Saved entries
________________________________________

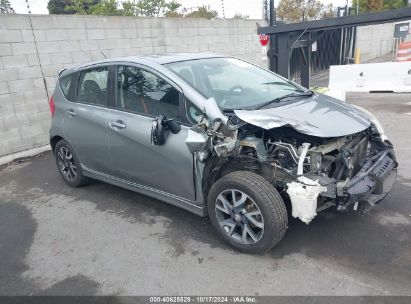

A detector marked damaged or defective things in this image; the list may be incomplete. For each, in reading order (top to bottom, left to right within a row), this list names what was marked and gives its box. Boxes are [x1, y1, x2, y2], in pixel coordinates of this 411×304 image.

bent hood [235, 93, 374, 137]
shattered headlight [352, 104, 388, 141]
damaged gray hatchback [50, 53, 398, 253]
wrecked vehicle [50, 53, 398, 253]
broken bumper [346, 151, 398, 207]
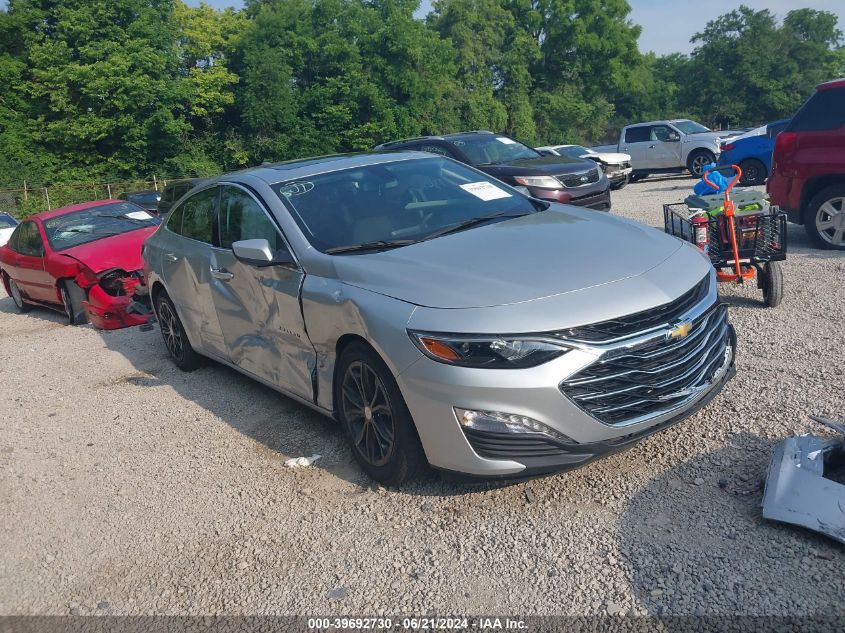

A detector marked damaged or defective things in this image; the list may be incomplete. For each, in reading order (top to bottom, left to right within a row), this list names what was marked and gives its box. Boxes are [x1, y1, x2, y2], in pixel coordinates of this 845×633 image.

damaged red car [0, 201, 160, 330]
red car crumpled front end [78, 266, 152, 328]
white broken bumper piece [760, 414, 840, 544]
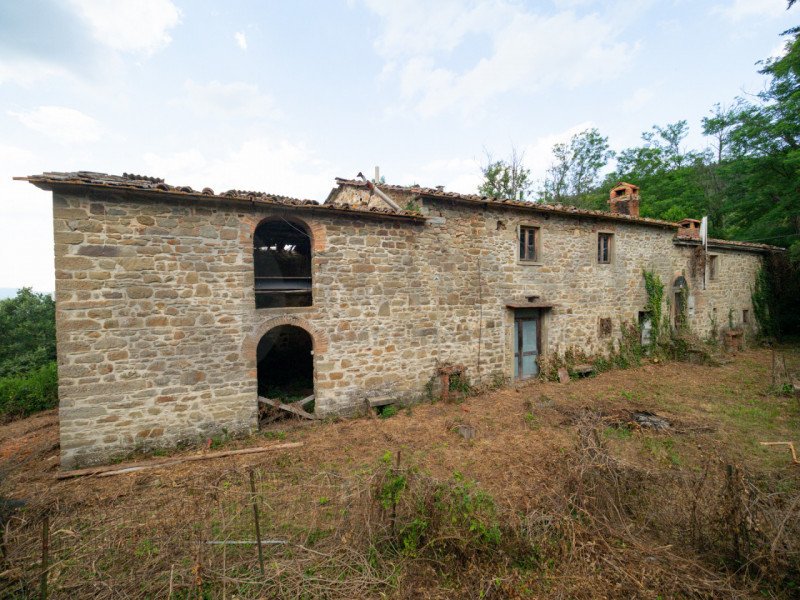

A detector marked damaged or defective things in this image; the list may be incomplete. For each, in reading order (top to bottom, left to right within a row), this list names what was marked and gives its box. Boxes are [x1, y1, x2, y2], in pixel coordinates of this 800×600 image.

________________________________________

=== YOUR INSTRUCTIONS ===
Whatever the records hold apart from pictures should be repeated exactly.

=== ANSWER FOR THE TASK ===
A detector marked damaged or defective things in this image; the list may be incomplete. For each, in reading order (top to bottom, left to right within a row), this list names what was marked and gives its box. Boxes are [x1, y1, x2, y2], in pixel coordinates of this 411×304 image.

bent hood [235, 93, 374, 137]
shattered headlight [352, 104, 388, 141]
damaged gray hatchback [50, 53, 398, 253]
wrecked vehicle [50, 53, 398, 253]
broken bumper [346, 151, 398, 207]

A detector marked damaged or defective things in this image; the list may be incomplete. For each, in reading order (top to bottom, left to right within a row), this list names what was marked and gives its box. Boxes are [x1, y1, x2, y2], in pixel coordinates of this 845×633 image.

damaged red car [0, 201, 160, 330]
red car crumpled front end [78, 266, 152, 328]
white broken bumper piece [760, 414, 840, 544]

A detector marked damaged or defective things in this image; the list may be incomplete. For each, in reading order (top to bottom, left to right within a row), this list names what was marked and gives its box. Boxes are [x1, y1, x2, y2], in pixel coordinates of this 800×600 image.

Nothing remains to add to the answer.